第349回 『Manie-Manie 迷宮物語』

 『Manie-Manie 迷宮物語』は、眉村卓の短編集を原作としたオムニバス作品で、りんたろう監督の「ラビリンス*ラビリントス」、川尻善昭監督の「走る男」、大友克洋監督の「工事中止命令」の3本で構成されている。角川アニメの1本で、マッドハウスの2度目の黄金期において頂点をなす作品であり、アニメ史上において空前絶後のリッチなフィルムだ。
 当初はりんたろう、押井守、大友克洋の3人が監督を務める企画だった。プロデューサーも務めていたりん監督が、押井にオファーをしたが、彼の参加は実現せず、代わりに丸山正雄プロデューサーが、川尻を監督として推して、りん、川尻、大友の3人体制となった。雑誌などで、タイトルが『Manic-Manic 迷宮物語』と誤記される事があったが——というか、僕も一時期まではそのように表記していたのだが、正しくは「Manic」ではなくて「Manie」。「Manie」はフランス語で「マニアック」「奇癖」といった意味の語だ。そのタイトルに偽りはなく、仕上がった作品は、映像も内容も超マニアックなものだった。

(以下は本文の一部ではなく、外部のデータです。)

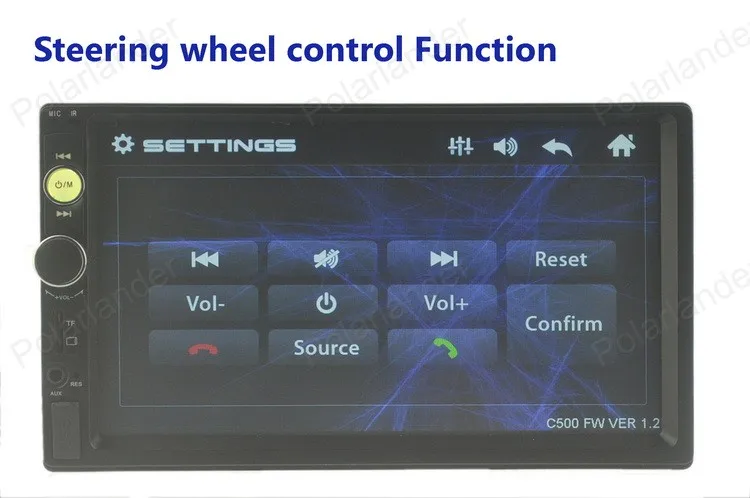 Автомобильное радио FM 2 Din 7 фоновые огни сенсорный экран стерео Bluetooth пульт дистанционного управления USB/TF/AUX 4 языка MP5 плеер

 当初は『時空の旅人』の同時上映作品として制作されていたが間に合わず、『時空の旅人』は、1986年に『火の鳥』との2本立てで公開された。完成した『迷宮物語』は、1987年9月に「東京国際ファンタスティック映画祭'87」で先行公開され、同年にビデオソフトがリリース。2年後の1989年に、小規模ではあるが、ようやく一般の劇場で公開された。それまで、劇場作品としては、半ばお蔵入り状態だった。お蔵入りになりかかったのは、完成作品を観た角川春樹プロデューサーが「これはマニアック過ぎる」と判断したからだ。

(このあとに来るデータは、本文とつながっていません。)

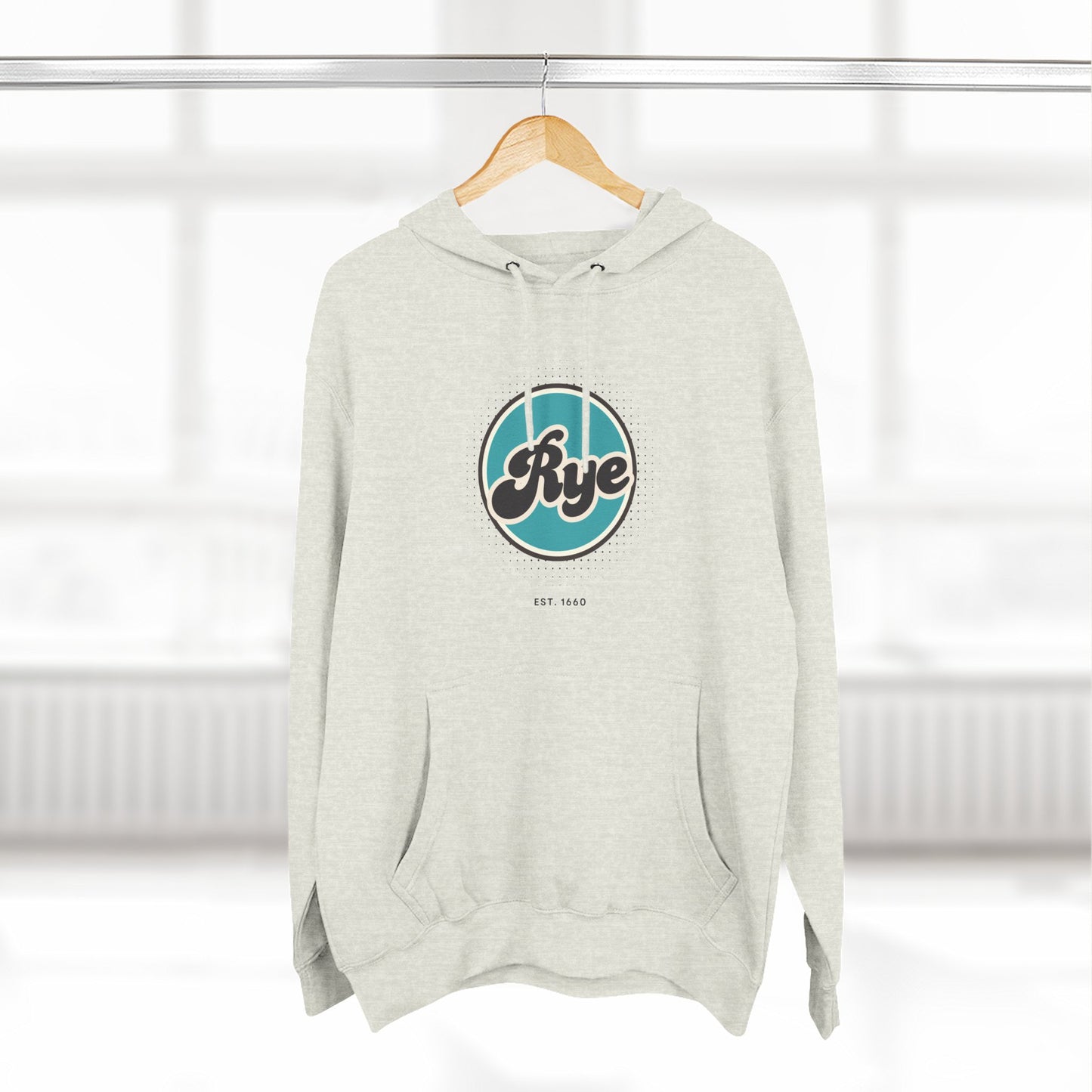 Rye Retro Vibe Hoodie for Casual Days, Streetwear, Unisex Gift, Cozy Layering Apparel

 僕が編集をやらせてもった「PLUS MADHOUSE 04 りんたろう」でも、その経緯が話題になった。同書の取材で、角川プロデューサーは「あの時代のものとしては少し先端を行き過ぎている感じはしました。今なら遥かに受け入れられる作品でしょう」と語っている。
 「ラビリンス*ラビリントス」は、りん監督のオリジナルであり、眉村卓の原作は使っていない。当初は、「走る男」「工事中止命令」に観客を誘うための導入部として考えられていたが、作っているうちに膨らんでしまい、他の2編と同じくらいの長さになってしまったのだそうだ。さちという名の少女が、謎の道化師に誘われて、不思議な世界に入っていくというのが大筋だが、物語中心ではなく、鮮烈なイメージを積み重ねるかたちで作品を構成。日本家屋、料理をする母親、古時計や鏡、路地裏、道を行く人々といったモチーフを、シュールに、そして、ホラータッチも交えて見せていく。イメージも、自由奔放なアニメーションも、緻密でありつつ重厚な美術も素晴らしい。キャラクターデザイン・作画監督は福島敦子。美術監督は石川山子。ビジュアルストであるりん監督の最高傑作だ。

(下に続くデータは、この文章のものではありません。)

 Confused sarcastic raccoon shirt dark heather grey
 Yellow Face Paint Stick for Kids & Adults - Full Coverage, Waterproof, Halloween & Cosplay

 「走る男」は、近未来を舞台にレースに命を懸けた男の妄執を描いたもの。川尻は監督だけでなく、脚本、キャラクターデザイン、作画監督も兼任。それまで『夏への扉』『浮浪雲』『ユニコ 魔法の島へ』といった作品で、画面構成などで腕を振るっていた彼の作家性が、初めてまとまった形になった作品だ。彼はそれ以前に『SF新世紀 レンズマン』で監督としてクレジットされているが、それは、絵コンテだけの参加だったはずが最終的に監督になってしまったという作品であり、彼のカラーは薄い。「走る男」では、いきなり渾身の剛速球をキャッチャーミットに叩き込んできた感じだった。彼が巧いアニメーターである事は分かっていたが、ここまで凝ったものを作るとは思わなかった。ストーリーに関しては、正直言って話はよく分からない。何度も観てもよく分からないのだが、超濃密なビジュアルと、ハードな世界観が心地よい。作り込みは尋常ではなく、当時聞いた噂話では、Aセル、Bセル、Cセルと重ねていくセル重ねが、この作品ではPセルまでいったそうだ。その大半が透過光マスクだとは思うが、アニメ界の常識を軽々と越えた凝り方だった。まさしくManie-Manie。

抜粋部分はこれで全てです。